> [Exercise directions] Would you transcribe exactly the lines below, starting at the one that contains "this 1024×768 image." and ending with the last line, both included? Leave out all other lines.

========

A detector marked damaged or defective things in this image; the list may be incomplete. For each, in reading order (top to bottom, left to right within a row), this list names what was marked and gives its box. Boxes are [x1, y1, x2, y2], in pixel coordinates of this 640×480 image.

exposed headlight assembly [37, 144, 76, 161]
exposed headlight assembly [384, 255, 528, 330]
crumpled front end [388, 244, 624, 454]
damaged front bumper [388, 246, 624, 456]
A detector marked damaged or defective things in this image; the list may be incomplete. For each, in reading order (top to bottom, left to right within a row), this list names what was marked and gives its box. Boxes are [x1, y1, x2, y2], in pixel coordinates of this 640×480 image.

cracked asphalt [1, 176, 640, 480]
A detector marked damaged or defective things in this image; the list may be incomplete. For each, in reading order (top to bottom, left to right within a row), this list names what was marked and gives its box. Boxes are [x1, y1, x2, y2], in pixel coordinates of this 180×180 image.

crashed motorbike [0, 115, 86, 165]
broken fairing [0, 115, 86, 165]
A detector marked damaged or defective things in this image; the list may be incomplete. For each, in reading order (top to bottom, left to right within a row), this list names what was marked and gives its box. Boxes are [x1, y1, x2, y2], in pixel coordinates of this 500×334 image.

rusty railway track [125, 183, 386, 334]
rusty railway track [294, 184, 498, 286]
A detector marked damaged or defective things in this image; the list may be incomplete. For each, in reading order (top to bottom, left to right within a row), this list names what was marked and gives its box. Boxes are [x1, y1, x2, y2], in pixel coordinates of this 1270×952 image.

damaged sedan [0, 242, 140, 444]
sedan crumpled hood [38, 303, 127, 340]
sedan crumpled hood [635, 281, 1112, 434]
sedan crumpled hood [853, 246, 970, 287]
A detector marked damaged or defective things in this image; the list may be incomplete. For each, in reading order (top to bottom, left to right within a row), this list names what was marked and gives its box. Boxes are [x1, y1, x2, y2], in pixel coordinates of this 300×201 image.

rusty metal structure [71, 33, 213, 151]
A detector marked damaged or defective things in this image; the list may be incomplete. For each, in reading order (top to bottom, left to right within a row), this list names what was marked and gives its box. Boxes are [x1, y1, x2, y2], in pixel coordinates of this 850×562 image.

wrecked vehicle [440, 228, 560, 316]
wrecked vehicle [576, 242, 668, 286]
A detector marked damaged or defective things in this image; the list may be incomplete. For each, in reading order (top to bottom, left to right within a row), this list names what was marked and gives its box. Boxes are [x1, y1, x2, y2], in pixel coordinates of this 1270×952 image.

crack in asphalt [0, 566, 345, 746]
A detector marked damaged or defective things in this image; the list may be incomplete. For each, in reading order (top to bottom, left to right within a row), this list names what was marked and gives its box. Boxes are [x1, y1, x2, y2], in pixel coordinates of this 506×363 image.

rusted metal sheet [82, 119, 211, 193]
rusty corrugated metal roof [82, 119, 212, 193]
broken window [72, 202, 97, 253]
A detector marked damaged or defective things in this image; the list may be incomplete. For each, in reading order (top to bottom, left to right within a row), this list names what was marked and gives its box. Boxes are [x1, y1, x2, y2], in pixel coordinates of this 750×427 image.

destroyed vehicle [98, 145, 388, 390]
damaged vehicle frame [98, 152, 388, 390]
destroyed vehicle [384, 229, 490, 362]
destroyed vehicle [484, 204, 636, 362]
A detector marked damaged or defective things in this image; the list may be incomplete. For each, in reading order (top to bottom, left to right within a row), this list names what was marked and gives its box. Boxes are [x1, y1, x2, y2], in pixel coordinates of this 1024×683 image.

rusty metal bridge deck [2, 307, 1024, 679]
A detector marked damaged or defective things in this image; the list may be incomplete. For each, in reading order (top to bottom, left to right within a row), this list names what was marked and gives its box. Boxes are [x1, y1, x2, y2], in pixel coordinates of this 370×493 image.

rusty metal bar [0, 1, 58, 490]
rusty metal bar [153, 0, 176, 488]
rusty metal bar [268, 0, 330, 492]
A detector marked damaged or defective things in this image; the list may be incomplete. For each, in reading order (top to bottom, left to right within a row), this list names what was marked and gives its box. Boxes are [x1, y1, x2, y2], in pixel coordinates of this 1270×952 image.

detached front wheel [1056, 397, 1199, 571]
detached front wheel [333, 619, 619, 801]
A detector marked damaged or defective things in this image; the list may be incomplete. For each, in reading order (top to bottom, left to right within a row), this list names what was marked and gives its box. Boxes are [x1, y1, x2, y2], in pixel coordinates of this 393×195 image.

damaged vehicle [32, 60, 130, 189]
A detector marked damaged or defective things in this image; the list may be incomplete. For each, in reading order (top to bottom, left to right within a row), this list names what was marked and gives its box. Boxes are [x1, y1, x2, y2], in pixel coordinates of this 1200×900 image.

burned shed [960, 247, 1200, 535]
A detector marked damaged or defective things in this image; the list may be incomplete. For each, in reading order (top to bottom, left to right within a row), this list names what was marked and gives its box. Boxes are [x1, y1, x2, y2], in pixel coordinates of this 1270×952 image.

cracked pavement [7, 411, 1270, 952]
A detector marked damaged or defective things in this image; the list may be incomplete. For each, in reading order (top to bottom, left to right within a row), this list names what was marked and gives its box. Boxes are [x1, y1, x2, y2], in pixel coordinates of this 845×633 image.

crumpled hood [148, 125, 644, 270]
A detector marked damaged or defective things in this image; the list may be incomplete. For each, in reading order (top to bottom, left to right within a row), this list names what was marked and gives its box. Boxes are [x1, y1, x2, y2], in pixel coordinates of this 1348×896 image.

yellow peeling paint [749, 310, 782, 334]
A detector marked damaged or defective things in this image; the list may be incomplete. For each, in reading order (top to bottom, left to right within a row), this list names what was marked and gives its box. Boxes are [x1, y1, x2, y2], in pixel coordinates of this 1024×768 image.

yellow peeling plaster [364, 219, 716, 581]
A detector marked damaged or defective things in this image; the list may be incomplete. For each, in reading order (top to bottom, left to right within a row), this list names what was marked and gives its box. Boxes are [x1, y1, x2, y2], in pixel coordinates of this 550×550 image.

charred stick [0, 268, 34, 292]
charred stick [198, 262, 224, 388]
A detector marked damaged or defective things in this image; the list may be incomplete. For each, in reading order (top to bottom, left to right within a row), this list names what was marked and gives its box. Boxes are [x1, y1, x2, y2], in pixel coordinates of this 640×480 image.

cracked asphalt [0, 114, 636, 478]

========

> [Exercise solution]
A detector marked damaged or defective things in this image; the list may be incomplete. For each, in reading order (top to bottom, left to right within a row), this list names what was marked and gives its box. Boxes are [x1, y1, x2, y2], in pixel coordinates of this 1024×768 image.

yellow peeling plaster [364, 219, 716, 581]
A detector marked damaged or defective things in this image; the list may be incomplete. For each, in reading order (top to bottom, left to right within a row), this list names what was marked and gives its box. Boxes are [x1, y1, x2, y2], in pixel coordinates of this 550×550 image.

charred stick [0, 268, 34, 292]
charred stick [198, 262, 224, 388]
A detector marked damaged or defective things in this image; the list may be incomplete. For each, in reading order (top to bottom, left to right within a row), this list names what was marked and gives its box. Boxes are [x1, y1, x2, y2], in pixel coordinates of this 640×480 image.

cracked asphalt [0, 114, 636, 478]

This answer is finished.